*PROBLEM REQUIREMENTS*
Please restate the listing word for word, omitting the images.

*RAW DATA*

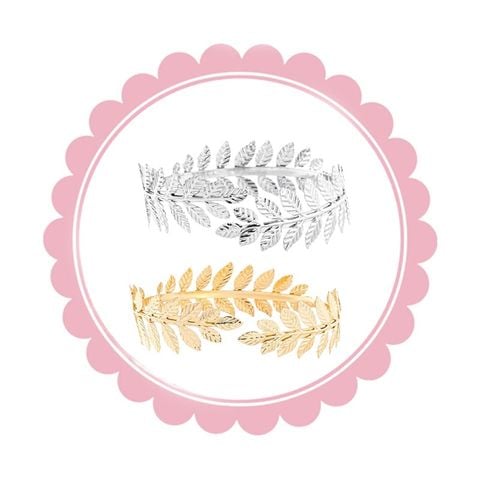  Vòng Đeo Bắp Tay LCT211 Lá Nguyệt Quế  – Thanh Lịch Sang Nhẹ, Tôn Vẻ Nữ Tính 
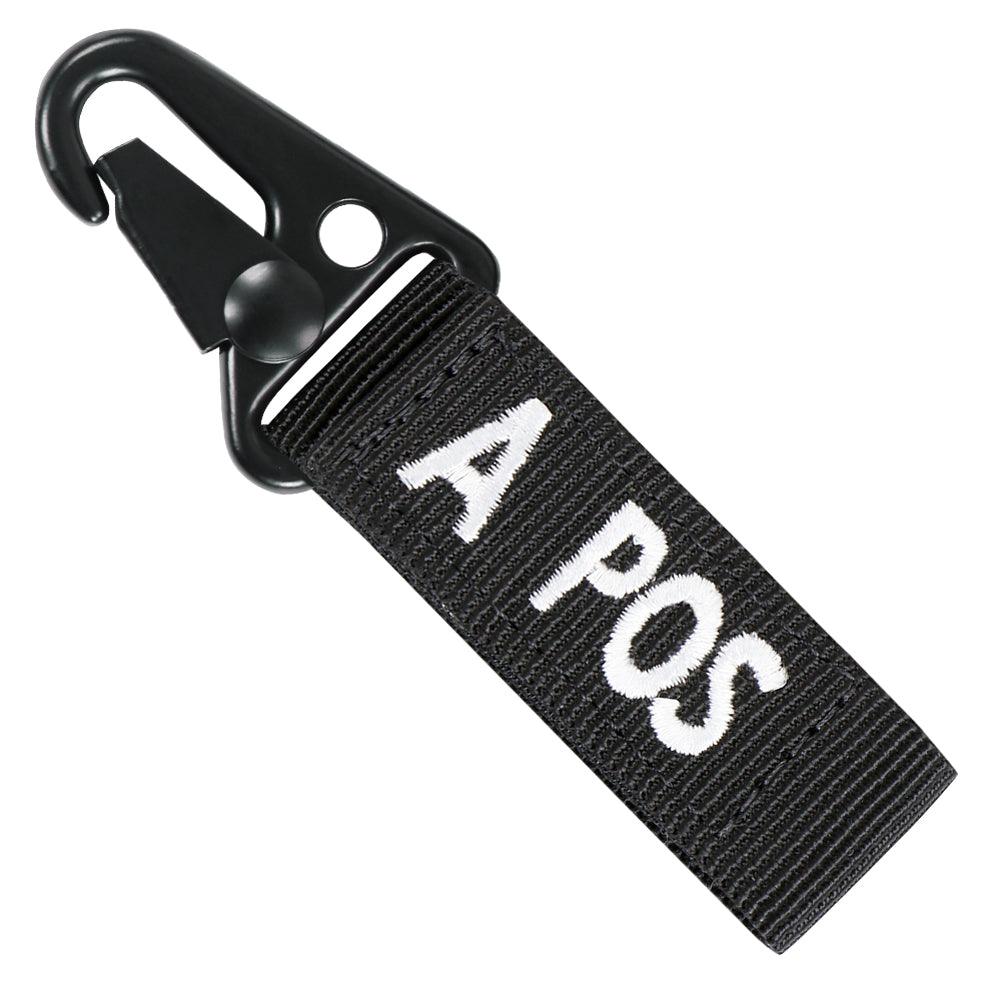 Condor Blood Type Key Chain - Mars Gear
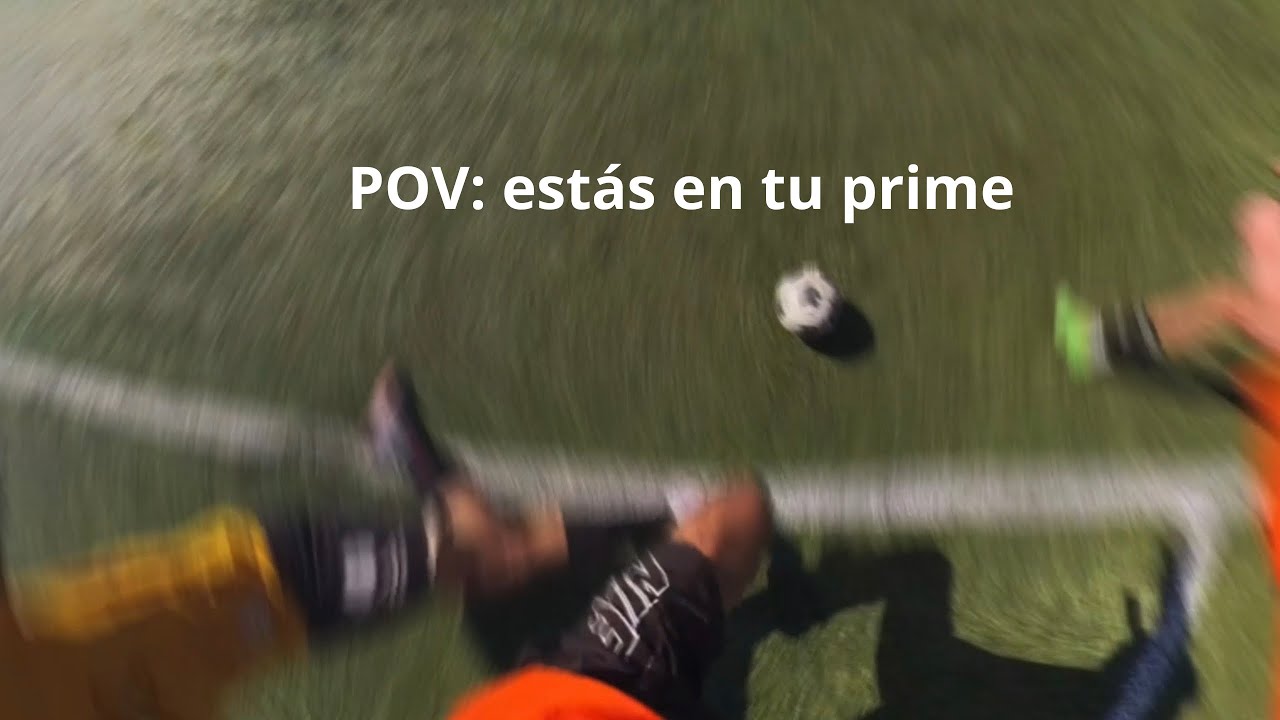 Nos expulsan a uno y no nos marcan penal?! | futbol en primera persona 🎥⚽️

*TASK RESPONSE*
  Vòng Đeo Bắp Tay LCT211 Lá Nguyệt Quế  – Thanh Lịch Sang Nhẹ, Tôn Vẻ Nữ Tính 
 Condor Blood Type Key Chain - Mars Gear
 Nos expulsan a uno y no nos marcan penal?! | futbol en primera persona 🎥⚽️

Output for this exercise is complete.